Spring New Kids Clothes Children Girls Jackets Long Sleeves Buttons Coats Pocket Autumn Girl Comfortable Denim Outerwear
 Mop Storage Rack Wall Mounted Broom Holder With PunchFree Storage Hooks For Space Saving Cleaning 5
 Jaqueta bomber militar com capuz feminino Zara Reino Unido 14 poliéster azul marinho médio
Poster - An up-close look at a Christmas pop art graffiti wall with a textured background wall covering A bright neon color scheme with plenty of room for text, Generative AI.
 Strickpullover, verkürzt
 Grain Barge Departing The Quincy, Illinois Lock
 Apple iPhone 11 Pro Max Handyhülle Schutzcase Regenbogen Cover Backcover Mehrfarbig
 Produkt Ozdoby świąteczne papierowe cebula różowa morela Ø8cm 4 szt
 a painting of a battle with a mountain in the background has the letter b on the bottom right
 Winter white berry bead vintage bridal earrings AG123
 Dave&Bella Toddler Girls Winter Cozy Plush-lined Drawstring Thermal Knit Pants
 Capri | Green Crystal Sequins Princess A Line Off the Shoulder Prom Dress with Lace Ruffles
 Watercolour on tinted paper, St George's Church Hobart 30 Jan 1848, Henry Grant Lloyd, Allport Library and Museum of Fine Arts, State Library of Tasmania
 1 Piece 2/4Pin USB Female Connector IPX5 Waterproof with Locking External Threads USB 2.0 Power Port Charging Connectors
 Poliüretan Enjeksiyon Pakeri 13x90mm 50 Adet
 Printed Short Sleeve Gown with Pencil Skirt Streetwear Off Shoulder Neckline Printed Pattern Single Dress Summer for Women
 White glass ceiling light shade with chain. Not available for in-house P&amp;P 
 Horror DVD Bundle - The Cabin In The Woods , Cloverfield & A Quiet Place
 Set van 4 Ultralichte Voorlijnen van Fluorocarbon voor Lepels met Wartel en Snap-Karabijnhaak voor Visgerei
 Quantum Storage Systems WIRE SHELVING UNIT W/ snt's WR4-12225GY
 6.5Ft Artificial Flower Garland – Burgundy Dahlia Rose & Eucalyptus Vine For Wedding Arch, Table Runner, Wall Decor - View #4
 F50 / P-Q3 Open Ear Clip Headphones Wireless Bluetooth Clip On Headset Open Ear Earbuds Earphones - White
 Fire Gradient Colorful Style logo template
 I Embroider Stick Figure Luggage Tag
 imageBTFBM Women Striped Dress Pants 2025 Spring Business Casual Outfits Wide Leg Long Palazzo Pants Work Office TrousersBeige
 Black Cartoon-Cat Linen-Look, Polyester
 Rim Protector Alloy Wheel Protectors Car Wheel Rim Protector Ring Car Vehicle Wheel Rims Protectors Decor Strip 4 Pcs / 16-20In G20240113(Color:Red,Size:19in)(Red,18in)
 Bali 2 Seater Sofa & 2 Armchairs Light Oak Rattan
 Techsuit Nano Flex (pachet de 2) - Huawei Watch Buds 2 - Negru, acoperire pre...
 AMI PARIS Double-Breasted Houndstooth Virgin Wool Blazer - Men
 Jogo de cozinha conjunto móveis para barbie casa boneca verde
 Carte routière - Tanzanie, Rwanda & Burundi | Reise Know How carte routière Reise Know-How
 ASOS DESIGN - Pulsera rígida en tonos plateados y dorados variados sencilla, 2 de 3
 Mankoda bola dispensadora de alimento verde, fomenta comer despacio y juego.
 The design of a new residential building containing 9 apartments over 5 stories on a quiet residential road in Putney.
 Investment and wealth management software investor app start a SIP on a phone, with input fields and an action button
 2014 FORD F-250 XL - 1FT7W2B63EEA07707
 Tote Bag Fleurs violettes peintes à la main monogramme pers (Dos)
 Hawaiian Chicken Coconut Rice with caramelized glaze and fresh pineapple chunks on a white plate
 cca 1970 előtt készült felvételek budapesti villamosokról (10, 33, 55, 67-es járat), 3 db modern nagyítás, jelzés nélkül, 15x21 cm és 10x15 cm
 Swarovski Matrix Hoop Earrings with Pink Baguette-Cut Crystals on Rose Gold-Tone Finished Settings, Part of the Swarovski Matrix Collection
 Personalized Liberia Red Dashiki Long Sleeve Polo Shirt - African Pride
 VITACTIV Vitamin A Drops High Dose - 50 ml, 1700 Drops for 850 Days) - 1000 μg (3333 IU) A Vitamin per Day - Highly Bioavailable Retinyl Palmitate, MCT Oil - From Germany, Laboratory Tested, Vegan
# # # # #
Work order: Everything in the listing should be written out exactly.

Answer to the problem:
Spring New Kids Clothes Children Girls Jackets Long Sleeves Buttons Coats Pocket Autumn Girl Comfortable Denim Outerwear
 Mop Storage Rack Wall Mounted Broom Holder With PunchFree Storage Hooks For Space Saving Cleaning 5
 Jaqueta bomber militar com capuz feminino Zara Reino Unido 14 poliéster azul marinho médio
Poster - An up-close look at a Christmas pop art graffiti wall with a textured background wall covering A bright neon color scheme with plenty of room for text, Generative AI.
 Strickpullover, verkürzt
 Grain Barge Departing The Quincy, Illinois Lock
 Apple iPhone 11 Pro Max Handyhülle Schutzcase Regenbogen Cover Backcover Mehrfarbig
 Produkt Ozdoby świąteczne papierowe cebula różowa morela Ø8cm 4 szt
 a painting of a battle with a mountain in the background has the letter b on the bottom right
 Winter white berry bead vintage bridal earrings AG123
 Dave&Bella Toddler Girls Winter Cozy Plush-lined Drawstring Thermal Knit Pants
 Capri | Green Crystal Sequins Princess A Line Off the Shoulder Prom Dress with Lace Ruffles
 Watercolour on tinted paper, St George's Church Hobart 30 Jan 1848, Henry Grant Lloyd, Allport Library and Museum of Fine Arts, State Library of Tasmania
 1 Piece 2/4Pin USB Female Connector IPX5 Waterproof with Locking External Threads USB 2.0 Power Port Charging Connectors
 Poliüretan Enjeksiyon Pakeri 13x90mm 50 Adet
 Printed Short Sleeve Gown with Pencil Skirt Streetwear Off Shoulder Neckline Printed Pattern Single Dress Summer for Women
 White glass ceiling light shade with chain. Not available for in-house P&amp;P 
 Horror DVD Bundle - The Cabin In The Woods , Cloverfield & A Quiet Place
 Set van 4 Ultralichte Voorlijnen van Fluorocarbon voor Lepels met Wartel en Snap-Karabijnhaak voor Visgerei
 Quantum Storage Systems WIRE SHELVING UNIT W/ snt's WR4-12225GY
 6.5Ft Artificial Flower Garland – Burgundy Dahlia Rose & Eucalyptus Vine For Wedding Arch, Table Runner, Wall Decor - View #4
 F50 / P-Q3 Open Ear Clip Headphones Wireless Bluetooth Clip On Headset Open Ear Earbuds Earphones - White
 Fire Gradient Colorful Style logo template
 I Embroider Stick Figure Luggage Tag
 imageBTFBM Women Striped Dress Pants 2025 Spring Business Casual Outfits Wide Leg Long Palazzo Pants Work Office TrousersBeige
 Black Cartoon-Cat Linen-Look, Polyester
 Rim Protector Alloy Wheel Protectors Car Wheel Rim Protector Ring Car Vehicle Wheel Rims Protectors Decor Strip 4 Pcs / 16-20In G20240113(Color:Red,Size:19in)(Red,18in)
 Bali 2 Seater Sofa & 2 Armchairs Light Oak Rattan
 Techsuit Nano Flex (pachet de 2) - Huawei Watch Buds 2 - Negru, acoperire pre...
 AMI PARIS Double-Breasted Houndstooth Virgin Wool Blazer - Men
 Jogo de cozinha conjunto móveis para barbie casa boneca verde
 Carte routière - Tanzanie, Rwanda & Burundi | Reise Know How carte routière Reise Know-How
 ASOS DESIGN - Pulsera rígida en tonos plateados y dorados variados sencilla, 2 de 3
 Mankoda bola dispensadora de alimento verde, fomenta comer despacio y juego.
 The design of a new residential building containing 9 apartments over 5 stories on a quiet residential road in Putney.
 Investment and wealth management software investor app start a SIP on a phone, with input fields and an action button
 2014 FORD F-250 XL - 1FT7W2B63EEA07707
 Tote Bag Fleurs violettes peintes à la main monogramme pers (Dos)
 Hawaiian Chicken Coconut Rice with caramelized glaze and fresh pineapple chunks on a white plate
 cca 1970 előtt készült felvételek budapesti villamosokról (10, 33, 55, 67-es járat), 3 db modern nagyítás, jelzés nélkül, 15x21 cm és 10x15 cm
 Swarovski Matrix Hoop Earrings with Pink Baguette-Cut Crystals on Rose Gold-Tone Finished Settings, Part of the Swarovski Matrix Collection
 Personalized Liberia Red Dashiki Long Sleeve Polo Shirt - African Pride
 VITACTIV Vitamin A Drops High Dose - 50 ml, 1700 Drops for 850 Days) - 1000 μg (3333 IU) A Vitamin per Day - Highly Bioavailable Retinyl Palmitate, MCT Oil - From Germany, Laboratory Tested, Vegan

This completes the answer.